Im ersten Abschnitt identifiziert Shermer ganz klar verschiedene neurologische Phänomene, die die Grundlage fast jeden (Aber)Glaubens stellen, zuallererst unser genetisches Programm, Muster und Akteure in unserer Umwelt zu erkennen. Evolutionsbiologisch verständlich, bedeutet beides doch im Zweifel eher das Überleben in einer Gefahrensituation, wenn die Bedrohung rechtzeitig erkannt wird. Ebendiese Mustererkennung wird schließlich zur Wurzel irrationalen Aberglaubens, wenn zufällige Korrelationen im Geiste zu Kausalitäten mutieren – von schwarzen Katzen und persönlichen Glücksbringern bis hin zur „alternativen Medizin“ -, während gleichsam der Schluss auf unsichtbare Akteure Götter, Geister und Dämonen hervorbringt. Ebenso ist der Essentialismus, das ist der Glaube an unsichtbare und potentiell übertragbare Eigenschaften von Objekten („Würden Sie die Jacke eines Serienmörders anziehen?“), tief in uns verwurzelt und wahrscheinlich evolutionär zum Schutze vor ansteckenden Keimen entstanden. Nicht zuletzt der Dualismus, der Glaube an einen vom Körper getrennten Geist, ist intuitiv in uns angelegt. So machen zwar letztlich die individuellen Ausprägungen manch einen Unterschied, doch ist letztlich kein Mensch ein rein vernünftiger, sondern jeder grundsätzlich zum Irrationalen prädestiniert. Bei aller Theorie vernachlässigt Shermer auch nicht die exemplarischen Veranschaulichungen – von seinen eigenen Erlebnissen in seiner religiösen Zeit über Halluzinationen beim Extremport bis hin zu spirituellen Erlebnissen persönlicher Bekannter und deren Rezeption.
In einem weiteren Abschnitt wendet Shermer diese Erkenntnisse auf spezifische, weit verbreitete Glaubenssätze an: Gott, Aliens, ein Leben nach dem Tod, politische Überzeugungen. So erfahren wir ganz nebensächlich nicht zuletzt etwas über das mittlerweile gut erforschte Phänomen der Schlafparalyse, dem einst die Vorstellung von Nachtmahren, heute dagegen scheinbare Entführungen durch Außerirdische entspringen, sowie die Frage, was denn eigentlich der neurologische Unterschied zwischen liberalen und konservativen Menschen ist (ein allzu interessantes Lehrstück unterschiedlicher Arten intuitiver Ethik, ohne eine Gruppe von beiden damit kategorisch disqualifizieren zu wollen). Auch klassische Formen von Wahrnehmungstäuschungen kommen zur Sprache.

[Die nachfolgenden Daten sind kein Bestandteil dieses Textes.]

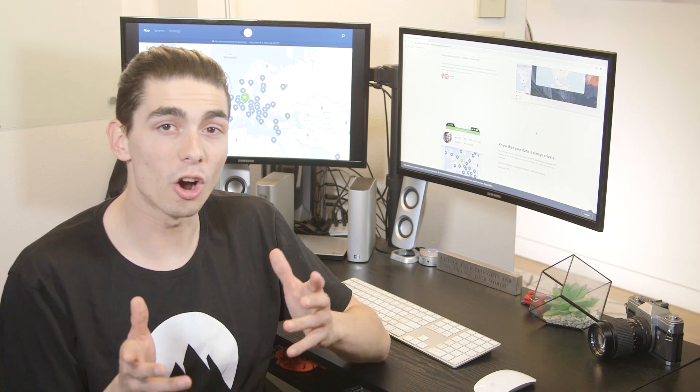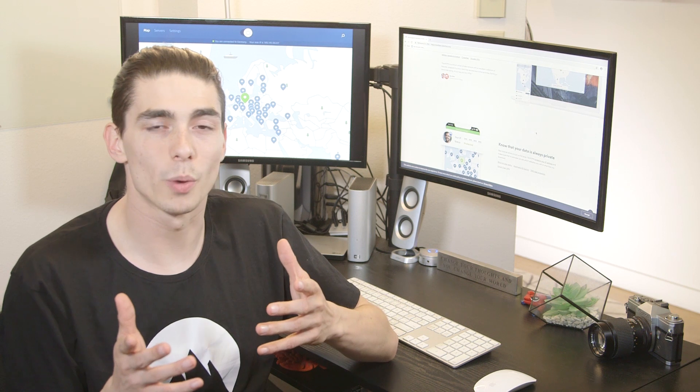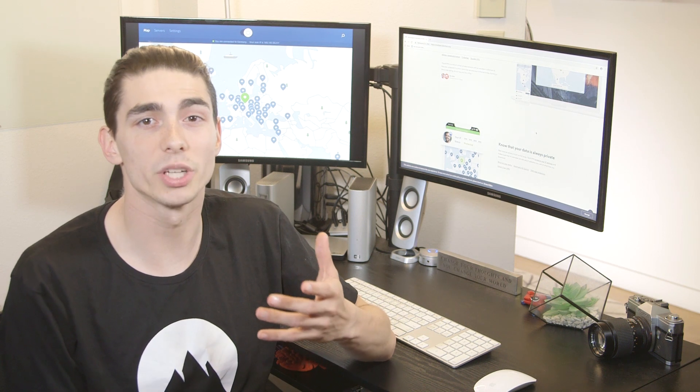WebRTC leaks. What are they and how to prevent them? If you're not familiar with WebRTC, it stands for Web Real-Time Communication.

All dem lässt sich nach Shermer nur mit einem Mittel begegnen: der empirischen Wissenschaft. Wie wissenschaftlicher Fortschritt funktioniert, illustriert er anhand des historischen Wandels unserer Weltbilder – von Galileo Galileis schicksalsgebeutelten Forschungen zum heliozentrischen Weltbild bis zu den Diskussionen der späteren Astronomie über die lange Zeit noch fragliche Existenz anderer Galaxien. Es ist ein interessanter wissenschaftshistorischer Abriss – für meinen Geschmack jedoch einerseits zu ausführlich und andererseits nicht pointiert genug zum ursprünglichen Zweck, der Verdeutlichung wissenschaftlichen Erkenntnisgewinns.

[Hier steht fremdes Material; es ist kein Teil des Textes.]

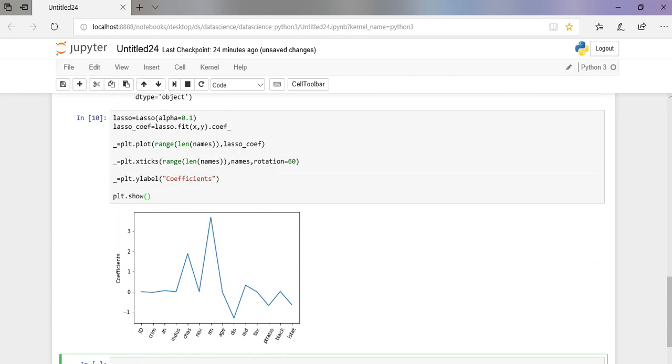As you can see the graph, the most important predictor for our target variable, the housing price, is the number of rooms. If the number of rooms are more, then the rate of that particular house will be more.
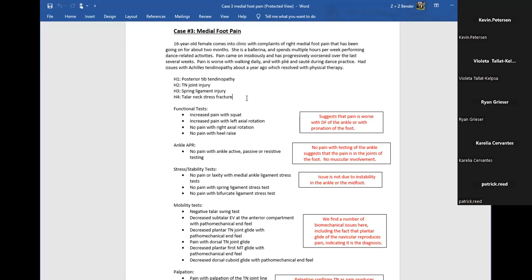The first question is: if you have them point to where the pain is — having them point to the plantar-medial surface kind of changes what we're thinking. It may not eliminate posterior tib tendinopathy, but it brings other things more into play. If they point more medially, that makes sense. Anyone else have any other differentials that came to mind when you started reading the case?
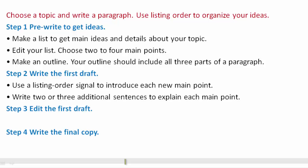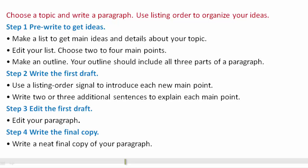Step 3: Edit the first draft. You should edit your paragraph before Step 4, which is to write the final copy — a neat final copy of your paragraph. This is your writing assignment.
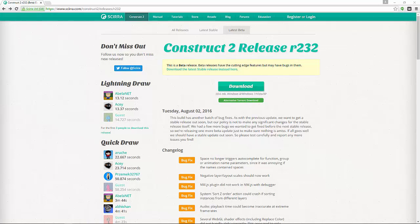Hello and welcome to Programming Logic Made Easy and Construct 2. Before we begin, I want to make sure that you've downloaded Construct 2 and at least have the free version.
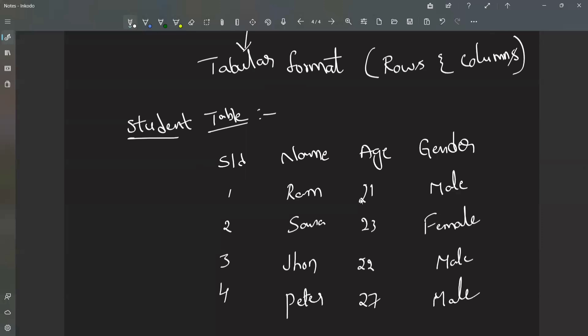Are you able to understand this data? If you want RAM's details, his student ID is 1, age is 21, and gender is male. You are able to get all the details of each and every person, and you are able to understand the structure of the table.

Ohne Zweifel ist das Themenfeld, dem das Buch sich widmet, bei weitem zu groß für eine einzige Publikation, gleichsam an Theorien und Forschungen wie nennenswerten Beispielen, sodass ein Buch wie Shermers zwangsläufig unvollständig sein muss. Indes gelingt es durchaus, die zentralen Erkenntnisse moderner Wissenschaft zur Natur des (Aber)Glaubens auf den Punkt zu bringen, nicht ohne dabei Ausblicke auf zahlreiche interessante Beispiele und Nebenphänomene zu geben. In dem Maße, wie jene die Grundfesten von Religion, Politik und vor allem Menschenbild erschüttern, scheint es geradezu unvermeidlich, dieses oder ein vergleichbares Buch zu konsumieren, will man zu wirklichem Verständnis unserer Natur, Geschichte und Gegenwart gelangen.